▶ _Dataset extract_

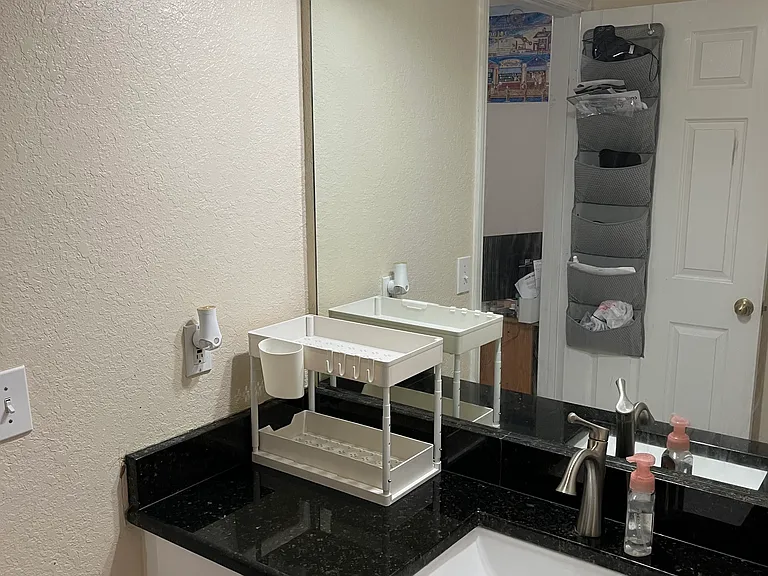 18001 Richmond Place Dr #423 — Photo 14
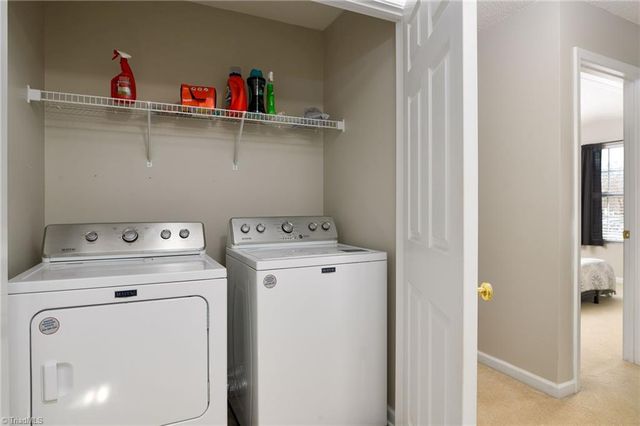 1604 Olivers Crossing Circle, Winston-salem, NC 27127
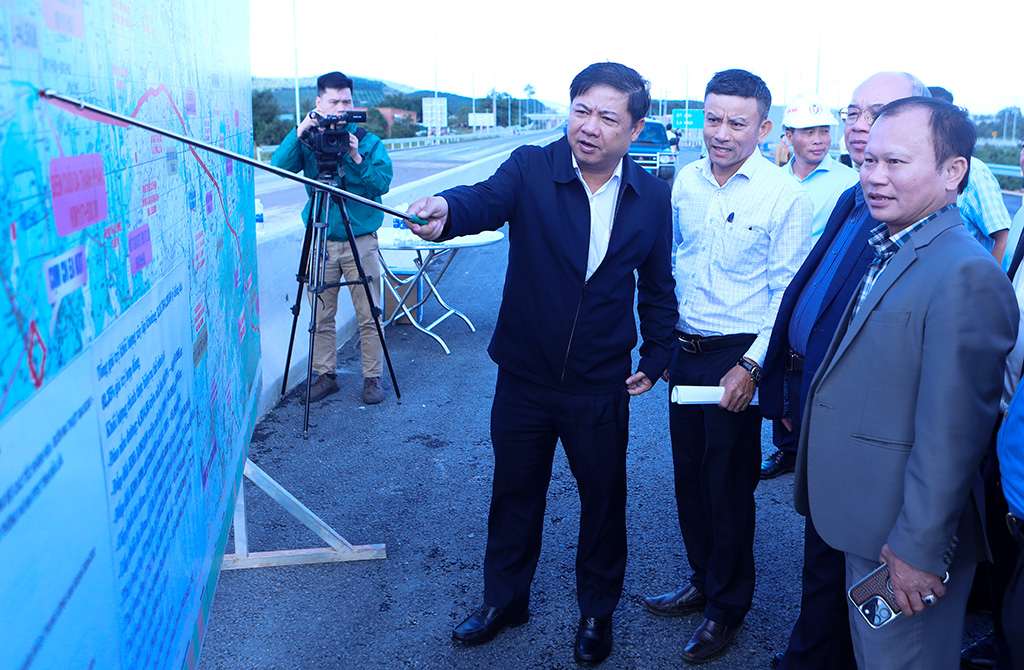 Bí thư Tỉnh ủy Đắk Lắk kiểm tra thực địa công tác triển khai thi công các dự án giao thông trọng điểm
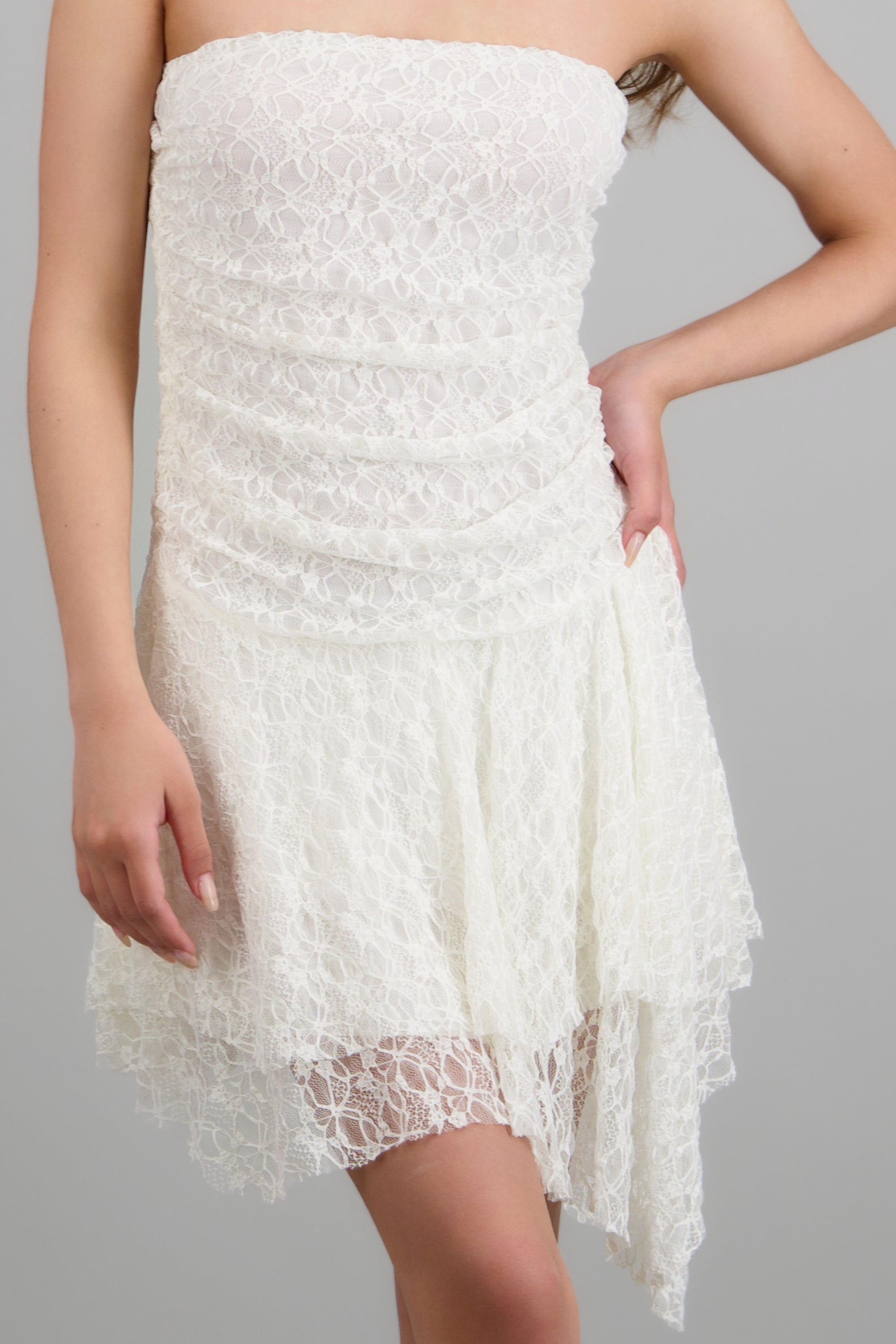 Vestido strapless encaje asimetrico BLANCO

▶ _Your objective_
All lines from the one that contains "1604 Olivers Crossing" through the last line of the data should be retyped exactly, with the pictures left out.

▶ _Answer space_
 1604 Olivers Crossing Circle, Winston-salem, NC 27127
 Bí thư Tỉnh ủy Đắk Lắk kiểm tra thực địa công tác triển khai thi công các dự án giao thông trọng điểm
 Vestido strapless encaje asimetrico BLANCO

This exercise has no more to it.